Please send your answers to the following questions as an email to oliver@kirchkamp.de. Don’t attach any files to your email.

Exercise 1. Submit before Mon., 16.8., 10:30.

Install R and RStudio. Also install the package Ecdat from within RStudio. The command

help(package="Ecdat")

gives you a list of the datasets that are provided by the package Ecdat.

Can you find a dataset whose name starts with the same letter as your last name and which contains at least one variable that is a number? If there is no matching dataset, find one with the next letter in the alphabet. After the letter Z, continue with the letter A.

Exercise 2. Submit before Tue., 17.8., 10:30.

Following the same strategy as in the previous exercise: Find a dataset whose name starts with the same letter as your last name and that contains either a character variable or a variable that is a factor. If there is no matching dataset, proceed alphabetically, until you have found one that contains either a character variable or a variable that is a factor. Once you have reached the letter Z, continue with the letter A.

Exercise 3. Submit before Wed., 18.8., 10:30.

Now find a dataset that matches your first name and that includes at least one variable that is a number.

Exercise 4. Submit before Thu., 19.8., 10:30.

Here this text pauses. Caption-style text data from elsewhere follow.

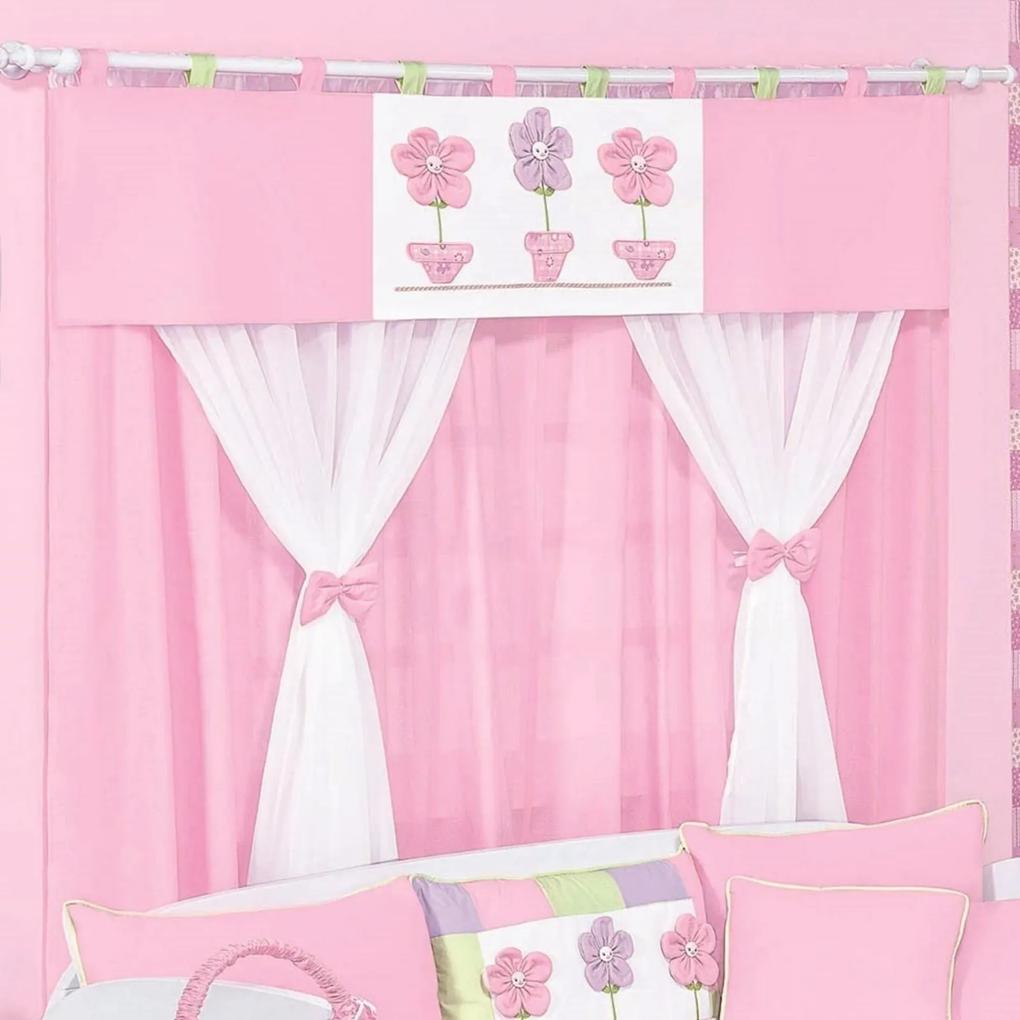 Cortina Dupla Padroeira Baby Patch Flor Rosa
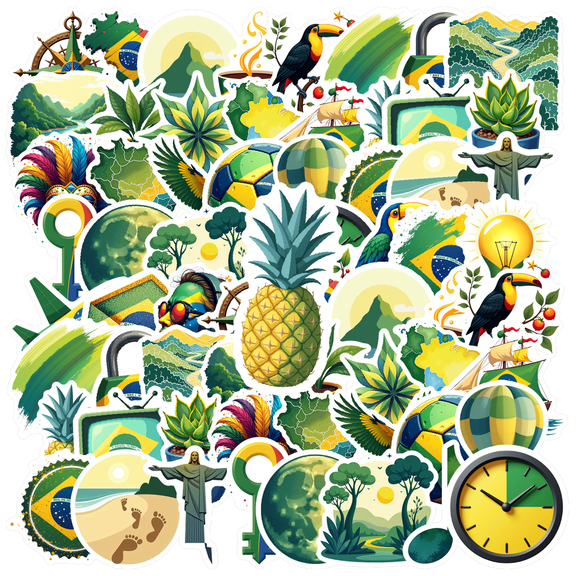 cartoon Brazil Theme Stickers, Waterproof Brazil Theme Sticker for Water Bottle Laptop Phone Cases Planner Skateboard Luggage Helmet Party Favor Decor, Ideal for Adults Teens Teacher Rewards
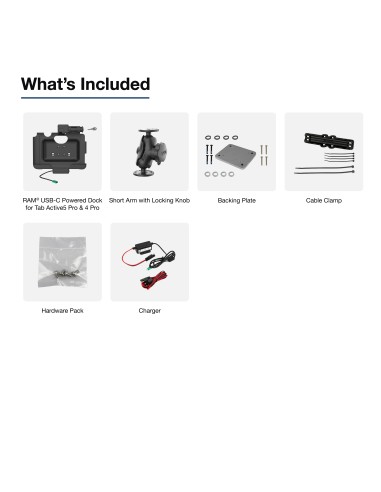RAM® Locking Powered Dock & Mount for Samsung Tab Active5 Pro & 4 Pro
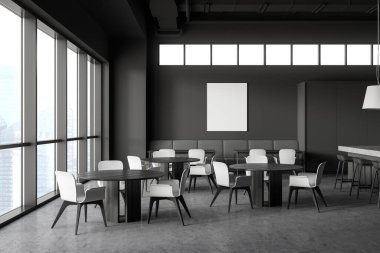 Koyu gri duvarları, beton zemini, sandalyeli yuvarlak masaları, rahat kanepesi ve dikey poster çerçevesi olan modern endüstriyel restoranın içi. 3d oluşturma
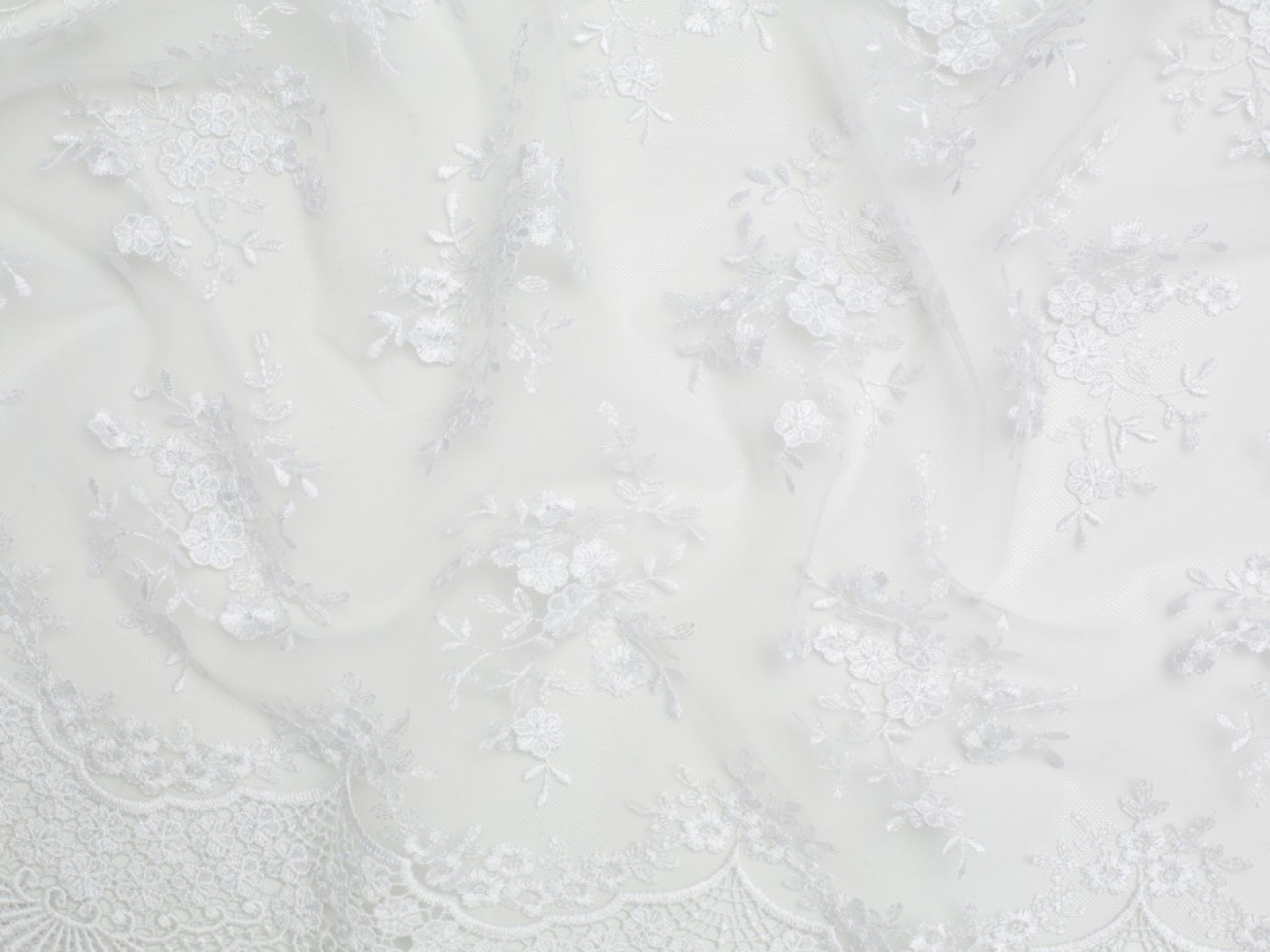 Minerva Core Range Embroidered Tulle Lace Fabric White
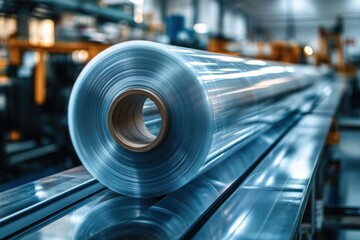 Large reflective roll of clear plastic film with cardboard core on industrial conveyor in blue-lit factory interior conveying precision and efficient production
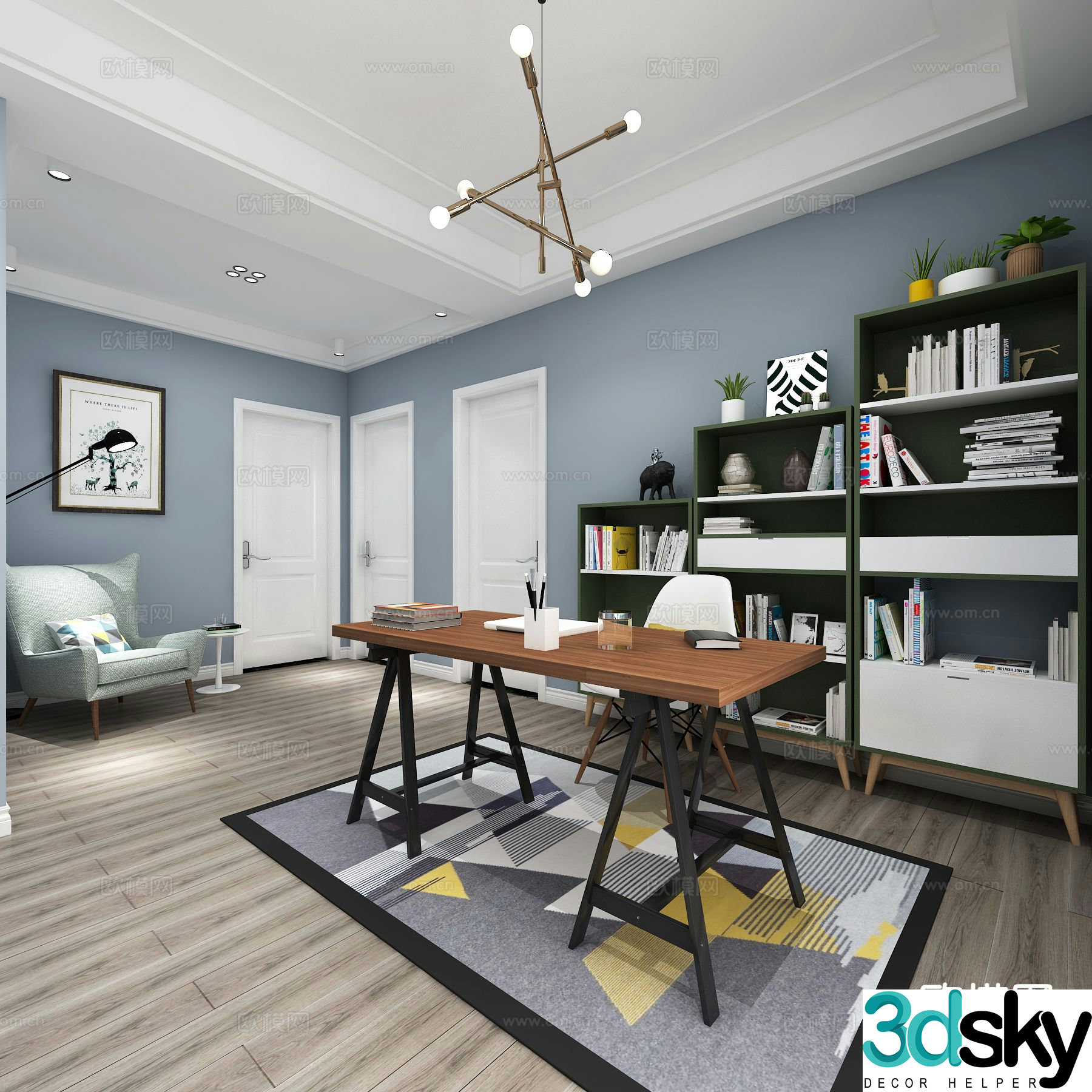 Nordic study 3d model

Find again a dataset that matches your first name and that includes at least two variables that are numbers.

In your answer, only include the commands, not the graph!

Exercise 5. Submit before Fri., 20.8., 10:30.

Find a dataset that matches your last name and that includes at least one variables that is a number, and a second variable that has fewer than 12 different values. I will call these (less than 12) values “cases”.